Third, the total number of overall individual communications (texts, messages, pictures, posts, phone, face to face) where significantly higher among the post 1980 group. By the way, what’s really interesting is that the number of phone and face to face communications where not significantly less for this group, but their digital communications where significantly higher! Technology is most often additive to human experience not subtractive, as we make it out to be.

Based on responses over time, however, we predict that within 10-15 years there will be virtually no difference even in these attitudes.

Every other category along which you might expect differences, from the use of technology, to cell phone usage, to work habits showed a fairly equal distribution of responses across all age groups! Yes, you read that right, we’re much more alike than we are different, and the differences are no where near as dramatic as we make them out to be.

Stop and think about it.

  • Grandparents who had sworn off of technology are now using tablets to video Skype with their grandkids.
  • If you’re a knowledge worker age is irrelevant, there are few ways to avoid using a mobile device, text, or messaging in communicating with colleagues. You’re staring at the little screen much more than you want to admit.
  • Over 70% of all age groups are never more than three feet from their mobile device throughout the day and night. And at least two third of the people reading this checked their mobile device for email, text, messages, Facebook posts, before even getting out of bed today.

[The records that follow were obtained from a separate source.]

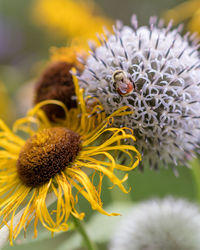 Close-up of bee on flower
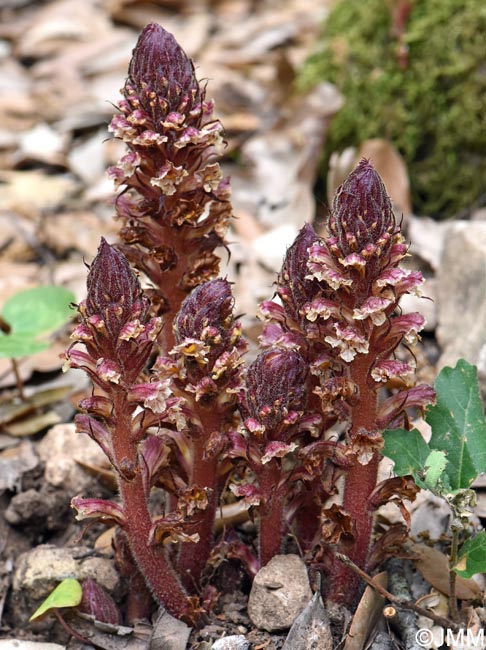 Orobanche hederae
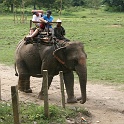 India & Nepal 2011 - 0539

You did, right?

I can hear you now, “Come on! There must be some differences!” Yes, but most are subtle and they are all diminishing quickly in their variability, because we are becoming Gen Z!

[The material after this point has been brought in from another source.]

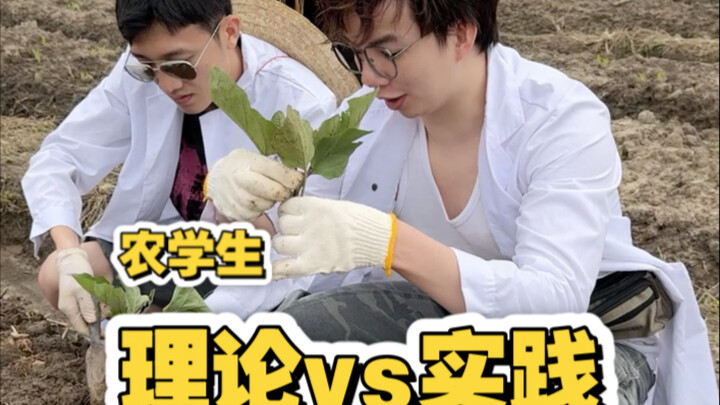 การเผชิญหน้าครั้งยิ่งใหญ่ที่สุดระหว่างนักวิชาการและผู้ปฏิบัติ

The Post-Generational Future

Simply put, we are converging into, what we call, in The Gen Z Effect, a post-generational world. We are all starting to adopt a single relatively unified set of behaviors because we are all using a single unified set of technologies to live, work, and play together–we have to if we don’t want to miss out.

The notion of vast Generational differences may have once made sense when Margaret Mead first popularized the term 50 years ago; back when the workforce was composed of two generations at best and when retirement really did mean detaching from the workforce. Neither is true any longer.

Generational bias has become a fiction that only serves, like every other bias, to separate us into opposing tribes, each of which is supposed to confine you to one given set of behaviors. In fact towards the end of her career, even Mead voiced her displeasure with the way the term had come to be used as a segregator and wedge between people.

Now ask yourself, honestly, would you tolerate discrimination across any other categorization that wasn’t based on a person’s actual competency and ability to do the work?

Absolutely not!

It’s Not A Birthright

So, why discriminate using the arbitrary category of Generational labels? Clearly because we take some sort of undeserved pride in our own label. You might as well take credit for the color of your eyes or your height or any thing else you had no choice in. It’s your birth date not your birthright!

When you where born doesn’t guarantee a certain set of behaviors any more, and increasingly it doesn’t even predispose you to them. What we most often call generational behavior is not a birthright nor a genetic defect; it’s context and choice. The context is changing because we are all working side by side using the same tools and technologies. So, what’s left is choice; the choice to divide and discriminate by age or to integrate and collaborate across it.

The fact is that organizations which adopt a culture that eschews generational labels, put in place programs–such as reverse mentoring–to bridge the perception of generation gaps, and align behavior with culture rather than age, are the ones who stand the greatest likelihood of success connecting with employees, partners, and the marketplace.

So, the next time you find yourself–or anyone else–bashing a millennial, or for that matter a boomer or some other arbitrary generational label that creates an ‘Us versus Them” mentality, stop and challenge yourself to think different and envision the benefits of a post-generational world.